The U.S. manufacturing sector grew in July at its slowest pace in nearly three years as a debt crisis in Europe and economic and political uncertainty at home dented demand, a survey showed on Wednesday.
The final Markit U.S. Manufacturing Purchasing Managers Index stood at 51.4 in July, below both a preliminary estimate of 51.8 and June's reading of 52.5. It was the lowest reading since September of 2009.
A reading above 50 indicates expansion.
If falling export orders and weaker domestic demand persist, the sector may start to contract in the third quarter, said Markit chief economist Chris Williamson.

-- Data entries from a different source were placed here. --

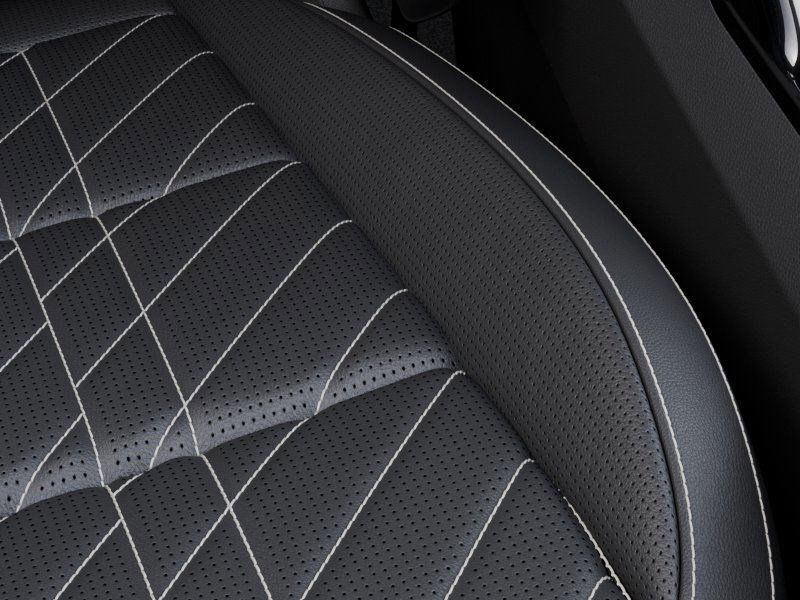 New 2025 Ebony Black Kia EX X-LINE V6 AWD image 24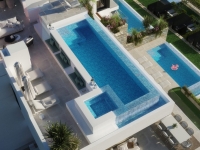 New - Penthouse - Orihuela - Las Colinas Golf Resort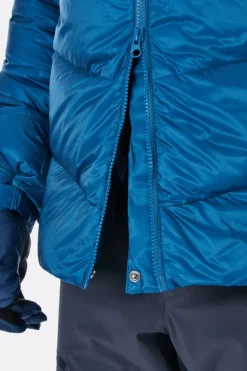 Veste en duvet Positron Pro pour homme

"Producers are being hit by the ongoing euro zone crisis, slower global economic growth and increasing unease about demand in the home market as elections loom closer and uncertainty hangs over fiscal and monetary policies," Williamson said.
Orders for export fell for a second straight month while the pace of overall new orders slowed to 51.0 from 53.7 in June.
The index's employment component slipped to 52.7 from 52.8, suggesting, Williamson said, that "companies are clearly taking a cautious approach to recruitment."
The U.S. economy slowed in the second quarter, leaving markets betting the Federal Reserve will kick off another round of monetary stimulus, possibly by September.
The economy also faces a raft of automatic tax hikes and spending cuts in 2013 unless Congress delays them. This likely won't be addressed until after the Nov. 6 presidential election.